------ Records for this task ------

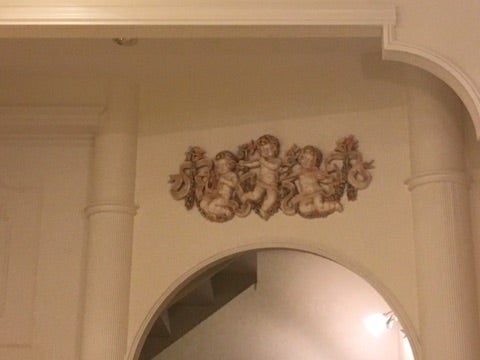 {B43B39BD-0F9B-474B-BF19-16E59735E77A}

------
------ Records for this task ------

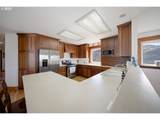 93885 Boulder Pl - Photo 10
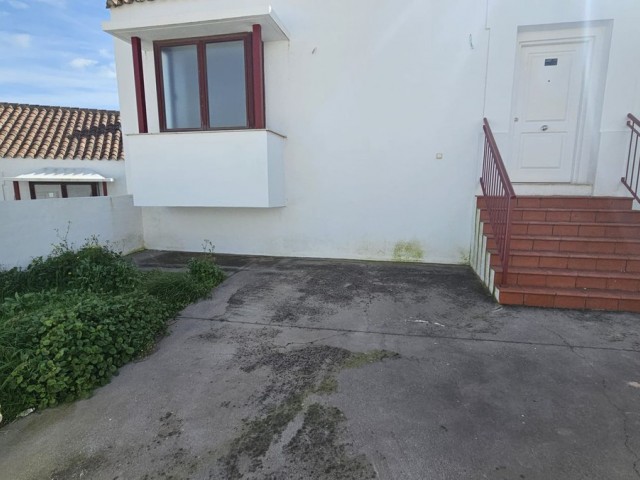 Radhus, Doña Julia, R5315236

------
------ Records for this task ------

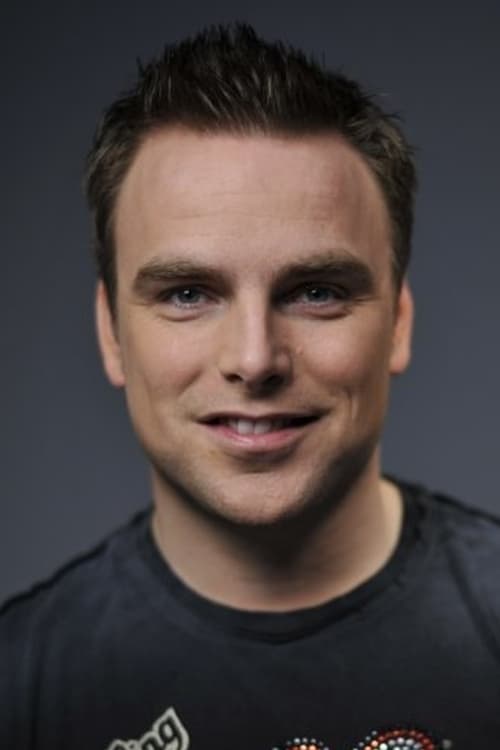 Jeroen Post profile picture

------

## Exercise brief
Transcribe the listing above exactly, but only from the line with "93885 Boulder Pl - Photo 10" through the line with "Radhus, Doña Julia, R5315236". Include both of those lines and omit the pictures.

## Written response
 93885 Boulder Pl - Photo 10
 Radhus, Doña Julia, R5315236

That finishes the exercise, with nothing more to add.